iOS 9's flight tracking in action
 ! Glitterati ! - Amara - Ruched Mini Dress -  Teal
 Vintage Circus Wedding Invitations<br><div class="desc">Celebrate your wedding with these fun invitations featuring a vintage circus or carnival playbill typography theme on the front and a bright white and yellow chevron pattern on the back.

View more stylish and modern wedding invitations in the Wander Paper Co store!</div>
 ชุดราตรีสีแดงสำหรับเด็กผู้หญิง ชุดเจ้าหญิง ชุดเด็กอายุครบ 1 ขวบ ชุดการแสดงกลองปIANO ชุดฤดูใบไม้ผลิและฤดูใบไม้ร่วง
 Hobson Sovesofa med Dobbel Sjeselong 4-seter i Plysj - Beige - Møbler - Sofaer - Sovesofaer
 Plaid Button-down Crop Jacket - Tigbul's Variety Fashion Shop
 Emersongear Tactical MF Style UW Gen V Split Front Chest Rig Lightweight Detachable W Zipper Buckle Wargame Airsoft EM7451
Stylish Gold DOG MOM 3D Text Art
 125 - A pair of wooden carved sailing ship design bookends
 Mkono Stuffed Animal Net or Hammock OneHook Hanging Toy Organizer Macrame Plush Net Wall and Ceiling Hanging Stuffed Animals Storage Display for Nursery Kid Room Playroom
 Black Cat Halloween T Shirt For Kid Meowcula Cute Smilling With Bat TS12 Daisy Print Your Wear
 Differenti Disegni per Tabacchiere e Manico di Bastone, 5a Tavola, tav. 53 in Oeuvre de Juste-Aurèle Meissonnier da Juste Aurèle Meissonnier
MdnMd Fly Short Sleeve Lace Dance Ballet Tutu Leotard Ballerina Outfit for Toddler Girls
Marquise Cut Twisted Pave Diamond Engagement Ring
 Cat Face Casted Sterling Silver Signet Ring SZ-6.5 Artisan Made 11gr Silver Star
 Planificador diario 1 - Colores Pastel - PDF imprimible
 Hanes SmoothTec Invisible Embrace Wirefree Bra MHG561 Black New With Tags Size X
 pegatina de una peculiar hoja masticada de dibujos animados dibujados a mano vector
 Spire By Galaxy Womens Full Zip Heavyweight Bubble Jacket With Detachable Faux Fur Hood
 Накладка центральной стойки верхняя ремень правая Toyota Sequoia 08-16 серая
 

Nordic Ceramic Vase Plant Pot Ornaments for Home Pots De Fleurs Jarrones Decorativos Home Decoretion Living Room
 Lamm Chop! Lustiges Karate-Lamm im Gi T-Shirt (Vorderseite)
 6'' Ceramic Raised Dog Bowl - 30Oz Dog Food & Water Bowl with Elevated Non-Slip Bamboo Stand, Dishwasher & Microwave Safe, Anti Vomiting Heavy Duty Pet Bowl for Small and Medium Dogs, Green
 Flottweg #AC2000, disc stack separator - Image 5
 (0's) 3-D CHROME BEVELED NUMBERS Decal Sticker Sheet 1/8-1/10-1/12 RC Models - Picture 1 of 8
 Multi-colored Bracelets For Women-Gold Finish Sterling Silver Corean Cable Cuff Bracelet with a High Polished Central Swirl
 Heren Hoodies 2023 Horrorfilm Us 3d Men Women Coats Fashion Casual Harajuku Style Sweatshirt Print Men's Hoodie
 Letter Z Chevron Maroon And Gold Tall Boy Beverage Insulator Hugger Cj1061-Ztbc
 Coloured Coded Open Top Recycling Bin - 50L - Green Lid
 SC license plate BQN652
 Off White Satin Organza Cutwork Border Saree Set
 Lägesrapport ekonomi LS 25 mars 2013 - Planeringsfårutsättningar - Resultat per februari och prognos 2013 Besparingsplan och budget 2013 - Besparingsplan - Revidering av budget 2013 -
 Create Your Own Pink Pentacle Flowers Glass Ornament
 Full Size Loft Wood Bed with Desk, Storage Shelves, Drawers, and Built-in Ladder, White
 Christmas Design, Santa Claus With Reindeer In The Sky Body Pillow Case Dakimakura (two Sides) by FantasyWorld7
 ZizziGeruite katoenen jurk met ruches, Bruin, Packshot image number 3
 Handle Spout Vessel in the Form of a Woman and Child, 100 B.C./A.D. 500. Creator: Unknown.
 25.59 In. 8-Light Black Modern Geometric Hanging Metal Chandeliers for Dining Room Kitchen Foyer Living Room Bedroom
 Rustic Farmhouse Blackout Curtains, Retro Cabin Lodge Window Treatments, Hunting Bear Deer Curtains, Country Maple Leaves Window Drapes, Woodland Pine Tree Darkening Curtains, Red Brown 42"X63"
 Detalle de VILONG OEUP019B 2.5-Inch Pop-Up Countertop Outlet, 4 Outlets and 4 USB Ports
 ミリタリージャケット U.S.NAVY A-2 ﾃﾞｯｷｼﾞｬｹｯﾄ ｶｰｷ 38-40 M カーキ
▬▬▬▬▬▬
Both end lines included, restate word for word the lines above from the line with "ชุดราตรีสีแดงสำหรับเด็กผู้หญิง ชุดเจ้าหญิง ชุดเด็กอายุครบ" to the line with "Lamm Chop! Lustiges", and nothing else.

 ชุดราตรีสีแดงสำหรับเด็กผู้หญิง ชุดเจ้าหญิง ชุดเด็กอายุครบ 1 ขวบ ชุดการแสดงกลองปIANO ชุดฤดูใบไม้ผลิและฤดูใบไม้ร่วง
 Hobson Sovesofa med Dobbel Sjeselong 4-seter i Plysj - Beige - Møbler - Sofaer - Sovesofaer
 Plaid Button-down Crop Jacket - Tigbul's Variety Fashion Shop
 Emersongear Tactical MF Style UW Gen V Split Front Chest Rig Lightweight Detachable W Zipper Buckle Wargame Airsoft EM7451
Stylish Gold DOG MOM 3D Text Art
 125 - A pair of wooden carved sailing ship design bookends
 Mkono Stuffed Animal Net or Hammock OneHook Hanging Toy Organizer Macrame Plush Net Wall and Ceiling Hanging Stuffed Animals Storage Display for Nursery Kid Room Playroom
 Black Cat Halloween T Shirt For Kid Meowcula Cute Smilling With Bat TS12 Daisy Print Your Wear
 Differenti Disegni per Tabacchiere e Manico di Bastone, 5a Tavola, tav. 53 in Oeuvre de Juste-Aurèle Meissonnier da Juste Aurèle Meissonnier
MdnMd Fly Short Sleeve Lace Dance Ballet Tutu Leotard Ballerina Outfit for Toddler Girls
Marquise Cut Twisted Pave Diamond Engagement Ring
 Cat Face Casted Sterling Silver Signet Ring SZ-6.5 Artisan Made 11gr Silver Star
 Planificador diario 1 - Colores Pastel - PDF imprimible
 Hanes SmoothTec Invisible Embrace Wirefree Bra MHG561 Black New With Tags Size X
 pegatina de una peculiar hoja masticada de dibujos animados dibujados a mano vector
 Spire By Galaxy Womens Full Zip Heavyweight Bubble Jacket With Detachable Faux Fur Hood
 Накладка центральной стойки верхняя ремень правая Toyota Sequoia 08-16 серая
 

Nordic Ceramic Vase Plant Pot Ornaments for Home Pots De Fleurs Jarrones Decorativos Home Decoretion Living Room
 Lamm Chop! Lustiges Karate-Lamm im Gi T-Shirt (Vorderseite)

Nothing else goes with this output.